第1351章 灞水河邊論英雄(下)
後世的灞水橋,非常出名。唐李商隱《淚》中曰:「朝來灞水橋邊問,未抵青袍送玉珂。」
只不過這座很出名的石拱橋,建於開皇三年(公元583年),這時候還一點影子都看不到。灞水也不寬,在河岸的一邊,可以清楚的看到對岸,甚至能用強弓射對面的人。
從東向西,在灞水橋以前,並無直接通道入長安。因此當宇文邕得知高伯逸率領神策軍攻佔了步壽宮以後,便命宇文憲在灞水河西岸樹立前哨大營。
如果不能阻止齊軍攻城,起碼也要讓對方投鼠忌器。
這天午時,齊軍於灞水河南岸列陣,一字排開。他們身上的盔甲,都滿是塵土,看起來有點狼狽,但腰桿卻是筆直筆直的!
隔著灞水,宇文憲就能感到那種俾睨天下的氣勢。
「派人把信射過去。」
宇文憲輕聲對身邊的副將宇文神舉說道。
此戰就他一人前出,而韋孝寬則接手了長安城的防務。至於宇文邕,根本不願意離開長安城。
本來,宇文憲是不會這麼傻,跑出長安來跟齊軍「碰面」的。但是,他心中實在是有不甘,因為隱隱覺得高伯逸應該是被自己暗殺掉了。
宇文憲覺得自己一定要親眼來看一下。
信綁在弓箭上射出去了,齊軍居然沒有回應,哪怕是那種無能狂怒式的發泄也沒有。宇文憲原以為齊軍應該跟之前一樣,在灞水河邊擺上京觀。
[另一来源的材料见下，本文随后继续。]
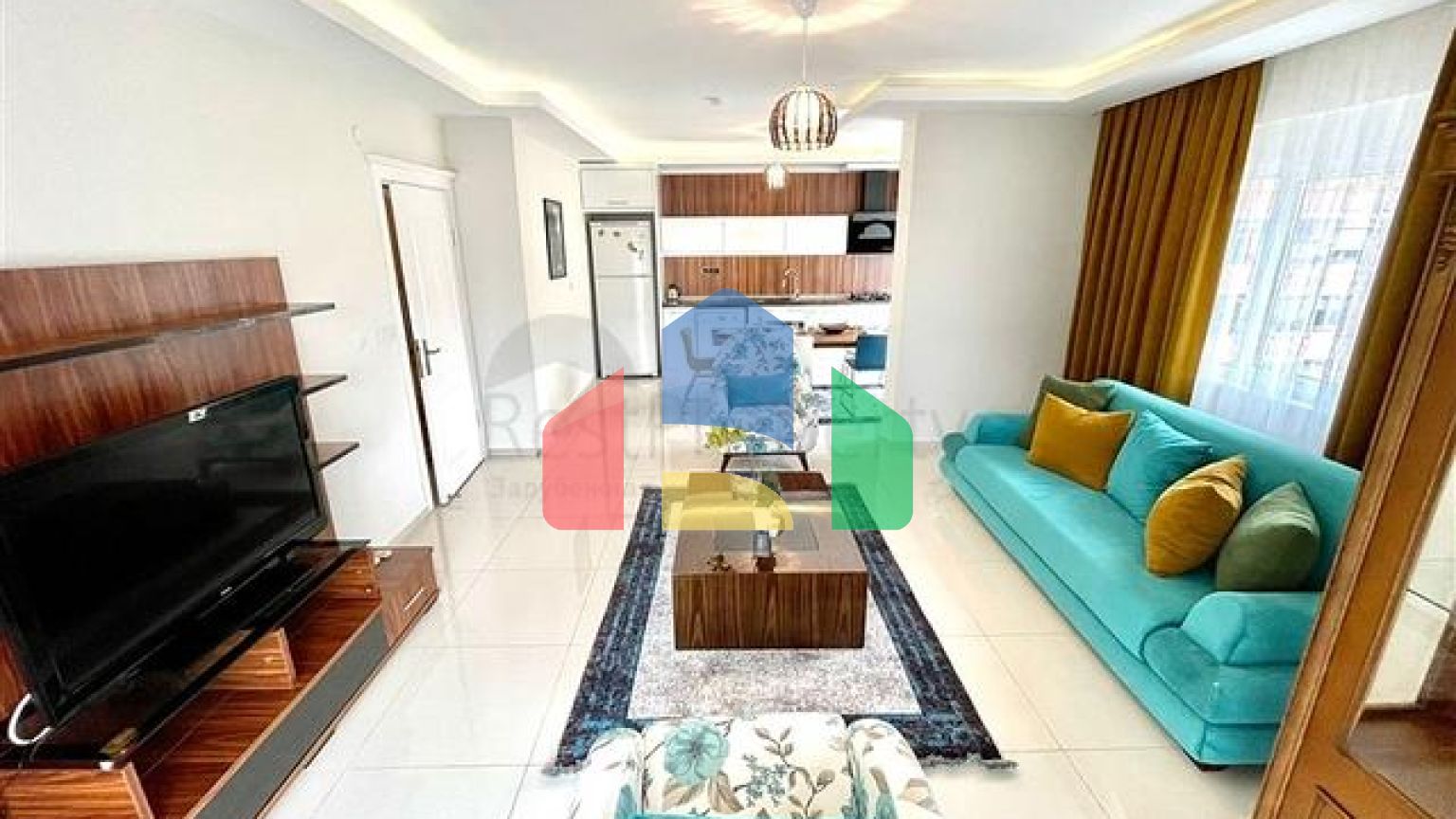 Просторный пентхаус от собственника 4+1 в 300 метрах от моря в районе Оба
結果呢,對方像是陷入獃滯了一般,什麼也沒做,前鋒數千人馬,就這樣靜靜的矗立著。
宇文憲心中有種不好的預感,但具體是哪裡不好,又不太說得上來。
「對面的周軍聽著,宇文氏無道,篡位弒君,倒行逆施,弄得關中天怒人怨。
我齊國順應天道,下應民心,討伐無道暴君。我們只問首惡宇文氏,不問脅從。棄暗投明者……」
灞水對岸傳來了齊軍喊話的聲音,非常響亮。
宇文憲微微皺眉,現在這種局面,是他很不願意看到的。既不能渡河跟對方拼殺,還口又力有不逮。
本身就處於劣勢,你嘴硬有個什麼用呢?
「高伯逸你個縮頭烏龜!不敢出來說話么?」
宇文憲對著河對岸吼了一句。
沒有人理他,連憤怒的弓箭也沒有。
「對面的齊軍聽著,高伯逸已經死了,你們就是打下長安,又有什麼用?」
宇文憲大聲吼道,就是想詐唬一下高伯逸。
……
灞水的另一邊,神策軍眾將看著坐在輪椅上的高伯逸,想了下對岸喊話的那個聲音,心中有種難以言喻的怪異感。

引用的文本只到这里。